Über viele Details kann Lehna aus Sicherheitsgründen nicht sprechen. Dennoch beschreibt er einen klaren taktischen Trend und belegt diesen anhand eines realen Einsatzes zu Beginn des Jahres – das dazugehörige Videomaterial ist allerdings nicht zur Veröffentlichung freigegeben.
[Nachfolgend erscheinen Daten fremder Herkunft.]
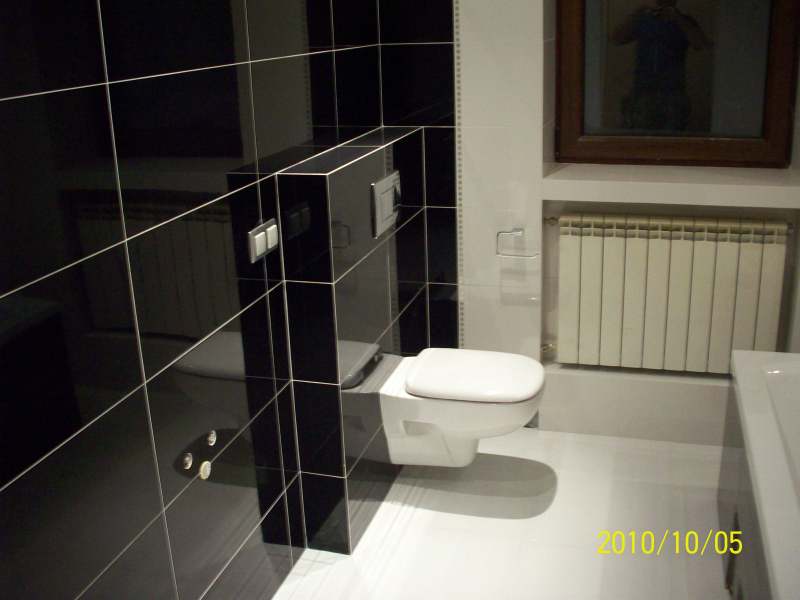 Nowoczesna łazienka z czarnymi, błyszczącymi płytkami i podwieszaną toaletą; widoczny grzejnik i odbicie w płytkach.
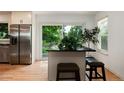 Eat-in kitchen with stainless steel refrigerator and sliding glass doors leading to outdoor space at 8543 Redstone St, Highlands Ranch, CO 80126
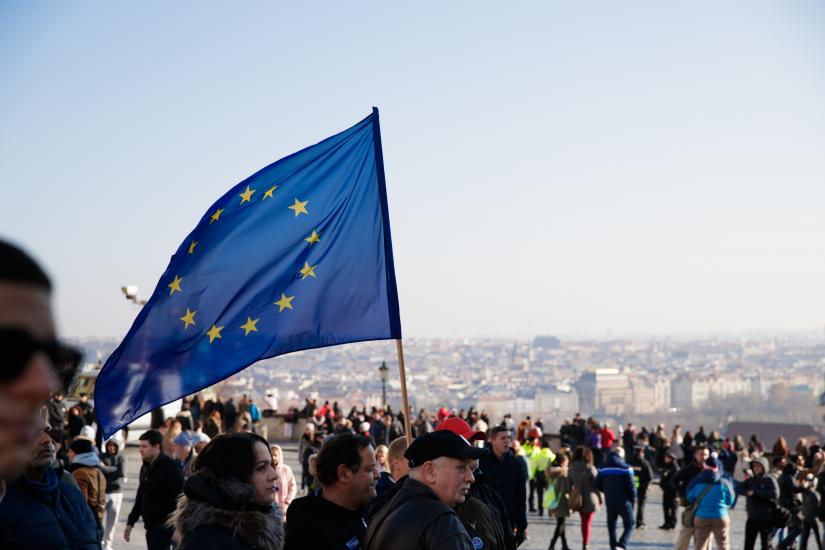 concentration of people in a square, a man is holding a EU flag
Spezialisierte Drohneneinheiten statt improvisierter Nutzung
Demnach werden spezialisierte Drohnen zur luftgestützten Aufklärung, wie etwa die Vector, im Gegensatz zu handelsüblichen Kopterdrohnen nicht nur direkt von der Kampftruppe, sondern auch von speziell aufgestellten Drohneneinheiten eingesetzt – sowohl auf ukrainischer als auch auf russischer Seite. „Unsere Systeme werden derzeit unter anderem von einer sehr erfahrenen Einheit im Raum Kramatorsk/Kreminna eingesetzt – einem der umkämpftesten Frontabschnitte“, so Lehna.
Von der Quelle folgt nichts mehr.